L'industria spaziale italiana si prepara a trasformare la polvere lunare in una risorsa preziosa per l'esplorazione umana del cosmo. Quello che agli occhi di un osservatore comune appare come un accumulo di detriti inutili sulla superficie della Luna, potrebbe presto diventare la chiave per rendere sostenibili le future missioni di lunga durata sul nostro satellite naturale. La regolite lunare - termine che deriva dalla fusione delle parole greche "regos" (tappeto) e "lithos" (pietra) - rappresenta infatti un tesoro nascosto di ossigeno, elemento vitale tanto per la respirazione umana quanto per la produzione di carburante per razzi.
La sfida tecnologica del laboratorio spaziale
Il cuore del progetto Oracle (Oxygen Retrieval Asset for Carbothermal Lunar Extraction) è un dispositivo dalle dimensioni sorprendentemente compatte: un cubo di appena 50 centimetri di lato che racchiude una tecnologia complessa. Questo piccolo laboratorio spaziale dovrà operare in condizioni estreme, raggiungendo temperature di circa 1100°C per innescare il processo carbotermico che libererà l'ossigeno intrappolato negli ossidi metallici presenti nel suolo lunare.

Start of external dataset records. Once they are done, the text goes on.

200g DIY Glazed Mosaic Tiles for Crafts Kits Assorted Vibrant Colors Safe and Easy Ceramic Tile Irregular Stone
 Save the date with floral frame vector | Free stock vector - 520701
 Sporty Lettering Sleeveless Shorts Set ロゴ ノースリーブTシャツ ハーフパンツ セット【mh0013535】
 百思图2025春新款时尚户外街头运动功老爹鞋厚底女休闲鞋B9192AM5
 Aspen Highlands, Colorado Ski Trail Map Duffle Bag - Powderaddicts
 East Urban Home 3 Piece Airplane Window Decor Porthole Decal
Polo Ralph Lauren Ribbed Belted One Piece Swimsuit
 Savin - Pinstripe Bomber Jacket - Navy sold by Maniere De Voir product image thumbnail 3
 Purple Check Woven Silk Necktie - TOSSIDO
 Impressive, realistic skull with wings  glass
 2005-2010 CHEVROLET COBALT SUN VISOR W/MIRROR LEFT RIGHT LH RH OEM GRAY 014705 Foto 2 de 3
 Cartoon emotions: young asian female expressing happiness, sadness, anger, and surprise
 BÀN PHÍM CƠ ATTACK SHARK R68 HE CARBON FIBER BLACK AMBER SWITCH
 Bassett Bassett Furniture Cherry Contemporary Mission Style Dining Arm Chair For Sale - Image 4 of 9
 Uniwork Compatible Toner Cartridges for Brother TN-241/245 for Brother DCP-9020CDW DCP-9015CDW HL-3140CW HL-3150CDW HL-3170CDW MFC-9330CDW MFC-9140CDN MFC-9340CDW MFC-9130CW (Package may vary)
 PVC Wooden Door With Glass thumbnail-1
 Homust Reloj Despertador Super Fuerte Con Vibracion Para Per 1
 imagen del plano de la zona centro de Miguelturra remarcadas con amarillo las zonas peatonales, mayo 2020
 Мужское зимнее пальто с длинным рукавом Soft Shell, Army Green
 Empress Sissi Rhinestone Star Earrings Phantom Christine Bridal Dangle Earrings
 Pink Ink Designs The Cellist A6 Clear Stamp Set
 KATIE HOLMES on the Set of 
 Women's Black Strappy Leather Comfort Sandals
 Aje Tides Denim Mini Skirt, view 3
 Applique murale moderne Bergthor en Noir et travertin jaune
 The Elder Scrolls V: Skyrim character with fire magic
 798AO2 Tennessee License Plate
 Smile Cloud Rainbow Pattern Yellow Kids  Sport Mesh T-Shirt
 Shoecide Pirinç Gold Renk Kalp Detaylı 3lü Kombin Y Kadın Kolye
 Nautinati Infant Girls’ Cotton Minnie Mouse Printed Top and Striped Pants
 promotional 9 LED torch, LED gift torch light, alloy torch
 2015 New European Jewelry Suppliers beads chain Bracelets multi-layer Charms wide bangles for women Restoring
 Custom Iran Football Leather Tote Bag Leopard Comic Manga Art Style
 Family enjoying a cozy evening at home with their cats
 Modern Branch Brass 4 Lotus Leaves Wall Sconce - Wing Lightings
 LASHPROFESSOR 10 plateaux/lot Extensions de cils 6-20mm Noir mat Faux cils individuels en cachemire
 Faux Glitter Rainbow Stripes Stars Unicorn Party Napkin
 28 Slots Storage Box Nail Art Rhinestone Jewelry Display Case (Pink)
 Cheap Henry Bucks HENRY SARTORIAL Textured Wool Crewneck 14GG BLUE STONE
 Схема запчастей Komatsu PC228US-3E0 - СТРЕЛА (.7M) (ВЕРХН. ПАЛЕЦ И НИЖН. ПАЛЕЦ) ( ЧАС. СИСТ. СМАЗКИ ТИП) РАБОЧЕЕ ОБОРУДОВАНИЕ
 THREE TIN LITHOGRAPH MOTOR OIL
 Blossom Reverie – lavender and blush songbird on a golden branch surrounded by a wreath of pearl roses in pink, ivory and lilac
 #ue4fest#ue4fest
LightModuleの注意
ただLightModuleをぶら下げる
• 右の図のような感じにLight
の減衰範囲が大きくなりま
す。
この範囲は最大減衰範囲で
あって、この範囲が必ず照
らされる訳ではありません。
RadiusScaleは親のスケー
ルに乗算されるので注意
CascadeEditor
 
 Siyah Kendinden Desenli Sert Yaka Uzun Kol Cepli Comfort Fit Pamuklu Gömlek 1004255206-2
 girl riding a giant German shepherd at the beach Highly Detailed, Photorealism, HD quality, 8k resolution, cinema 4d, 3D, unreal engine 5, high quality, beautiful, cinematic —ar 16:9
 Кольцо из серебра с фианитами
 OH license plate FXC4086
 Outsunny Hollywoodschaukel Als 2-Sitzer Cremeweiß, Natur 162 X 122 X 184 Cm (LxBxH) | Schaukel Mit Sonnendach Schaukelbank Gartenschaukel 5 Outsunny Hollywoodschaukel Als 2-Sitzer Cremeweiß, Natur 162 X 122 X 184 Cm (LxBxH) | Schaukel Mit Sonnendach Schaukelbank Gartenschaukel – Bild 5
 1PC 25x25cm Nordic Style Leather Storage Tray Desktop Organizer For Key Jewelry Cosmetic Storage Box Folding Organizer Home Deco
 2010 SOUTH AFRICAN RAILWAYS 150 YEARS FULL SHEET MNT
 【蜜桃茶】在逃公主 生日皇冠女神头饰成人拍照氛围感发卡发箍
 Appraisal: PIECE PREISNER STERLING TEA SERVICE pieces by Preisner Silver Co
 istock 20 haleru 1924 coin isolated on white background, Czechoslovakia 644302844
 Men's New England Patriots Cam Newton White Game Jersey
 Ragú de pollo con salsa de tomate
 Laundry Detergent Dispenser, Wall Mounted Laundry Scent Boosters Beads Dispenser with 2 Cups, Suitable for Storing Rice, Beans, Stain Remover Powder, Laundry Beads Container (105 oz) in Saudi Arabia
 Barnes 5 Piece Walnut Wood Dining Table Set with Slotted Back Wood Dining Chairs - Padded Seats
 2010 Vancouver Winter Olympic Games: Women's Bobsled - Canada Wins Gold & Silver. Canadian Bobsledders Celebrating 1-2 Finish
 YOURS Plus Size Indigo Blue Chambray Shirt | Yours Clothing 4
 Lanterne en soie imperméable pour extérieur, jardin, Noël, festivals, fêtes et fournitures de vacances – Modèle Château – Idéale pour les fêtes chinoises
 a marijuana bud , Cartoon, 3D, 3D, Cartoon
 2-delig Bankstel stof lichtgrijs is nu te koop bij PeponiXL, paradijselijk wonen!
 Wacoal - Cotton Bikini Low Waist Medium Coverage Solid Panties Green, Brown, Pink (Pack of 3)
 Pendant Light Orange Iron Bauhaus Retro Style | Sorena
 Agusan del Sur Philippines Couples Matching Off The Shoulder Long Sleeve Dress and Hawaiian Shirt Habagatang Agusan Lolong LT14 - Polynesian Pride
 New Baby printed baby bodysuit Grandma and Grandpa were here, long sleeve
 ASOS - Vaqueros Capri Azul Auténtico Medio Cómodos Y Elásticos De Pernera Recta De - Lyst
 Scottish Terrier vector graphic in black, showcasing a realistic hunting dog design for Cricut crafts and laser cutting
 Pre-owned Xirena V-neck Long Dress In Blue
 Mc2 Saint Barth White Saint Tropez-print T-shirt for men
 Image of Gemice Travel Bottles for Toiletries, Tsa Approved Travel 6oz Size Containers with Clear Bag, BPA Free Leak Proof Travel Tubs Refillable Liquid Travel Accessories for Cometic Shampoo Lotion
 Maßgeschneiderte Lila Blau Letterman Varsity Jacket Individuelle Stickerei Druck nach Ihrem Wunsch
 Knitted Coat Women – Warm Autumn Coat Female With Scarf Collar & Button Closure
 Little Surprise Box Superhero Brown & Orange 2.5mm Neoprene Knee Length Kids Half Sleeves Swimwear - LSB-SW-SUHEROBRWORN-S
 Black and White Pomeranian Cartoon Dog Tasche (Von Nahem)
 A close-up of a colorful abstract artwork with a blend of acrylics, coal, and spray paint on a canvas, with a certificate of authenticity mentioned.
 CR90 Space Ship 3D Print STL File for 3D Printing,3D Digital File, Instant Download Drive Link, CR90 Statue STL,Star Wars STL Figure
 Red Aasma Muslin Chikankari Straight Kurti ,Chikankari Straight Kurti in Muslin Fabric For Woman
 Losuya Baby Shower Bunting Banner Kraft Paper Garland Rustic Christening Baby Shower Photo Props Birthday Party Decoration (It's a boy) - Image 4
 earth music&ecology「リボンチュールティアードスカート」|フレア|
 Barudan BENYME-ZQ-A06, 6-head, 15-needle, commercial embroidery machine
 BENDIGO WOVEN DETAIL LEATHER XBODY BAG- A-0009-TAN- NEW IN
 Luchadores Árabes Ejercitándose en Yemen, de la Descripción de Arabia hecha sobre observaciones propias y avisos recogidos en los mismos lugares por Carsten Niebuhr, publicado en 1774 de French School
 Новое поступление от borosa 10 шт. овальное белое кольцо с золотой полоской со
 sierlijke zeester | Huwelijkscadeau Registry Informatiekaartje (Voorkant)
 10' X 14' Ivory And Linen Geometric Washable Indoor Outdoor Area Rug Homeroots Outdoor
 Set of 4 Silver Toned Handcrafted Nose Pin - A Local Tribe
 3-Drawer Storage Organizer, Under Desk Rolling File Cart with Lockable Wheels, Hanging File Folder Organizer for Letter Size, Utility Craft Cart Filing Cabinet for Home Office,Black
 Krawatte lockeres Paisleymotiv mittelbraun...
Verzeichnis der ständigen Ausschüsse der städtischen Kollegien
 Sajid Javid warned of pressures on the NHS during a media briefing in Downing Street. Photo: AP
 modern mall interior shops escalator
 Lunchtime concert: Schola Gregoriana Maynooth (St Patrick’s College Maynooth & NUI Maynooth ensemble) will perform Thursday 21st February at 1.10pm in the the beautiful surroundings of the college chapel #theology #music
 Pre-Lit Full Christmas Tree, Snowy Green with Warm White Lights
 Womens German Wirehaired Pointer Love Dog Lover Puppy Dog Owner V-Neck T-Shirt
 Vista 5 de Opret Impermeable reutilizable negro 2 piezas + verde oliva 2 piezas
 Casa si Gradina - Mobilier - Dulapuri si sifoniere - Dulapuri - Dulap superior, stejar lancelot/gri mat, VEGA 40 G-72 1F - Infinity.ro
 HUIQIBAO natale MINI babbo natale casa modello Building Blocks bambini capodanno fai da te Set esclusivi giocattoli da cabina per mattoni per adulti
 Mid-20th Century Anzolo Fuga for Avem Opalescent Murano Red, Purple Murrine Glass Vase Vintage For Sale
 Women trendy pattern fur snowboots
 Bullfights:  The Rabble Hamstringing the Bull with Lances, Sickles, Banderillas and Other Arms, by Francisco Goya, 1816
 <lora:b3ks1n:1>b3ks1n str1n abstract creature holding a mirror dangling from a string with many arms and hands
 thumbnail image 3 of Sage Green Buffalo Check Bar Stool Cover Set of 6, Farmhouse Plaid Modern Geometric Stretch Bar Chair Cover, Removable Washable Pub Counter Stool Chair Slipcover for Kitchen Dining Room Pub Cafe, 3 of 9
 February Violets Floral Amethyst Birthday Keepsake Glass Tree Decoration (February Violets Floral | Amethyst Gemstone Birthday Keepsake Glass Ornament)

Mario Cosmo, direttore di Scienza e Innovazione dell'Agenzia Spaziale Italiana, spiega il meccanismo: "Portando ossidi e metano a elevate temperature, intorno ai 1100°C, questi reagiscono, formando ossidi di carbonio. Successivamente, in un secondo stadio, alla temperatura di circa 250°C e in presenza di idrogeno, è possibile ottenere vapore acqueo, da far condensare poi fino alla forma liquida".
Un ecosistema di eccellenze italiane
Il progetto quadriennale, del valore ancora non specificato, vede la collaborazione di alcune delle più importanti realtà italiane nel settore spaziale e della ricerca. Ohb Italia guida il consorzio industriale, mentre Enea si occuperà dell'ingegnerizzazione del processo chimico e Kayser Italia fornirà l'elettronica di controllo dell'impianto.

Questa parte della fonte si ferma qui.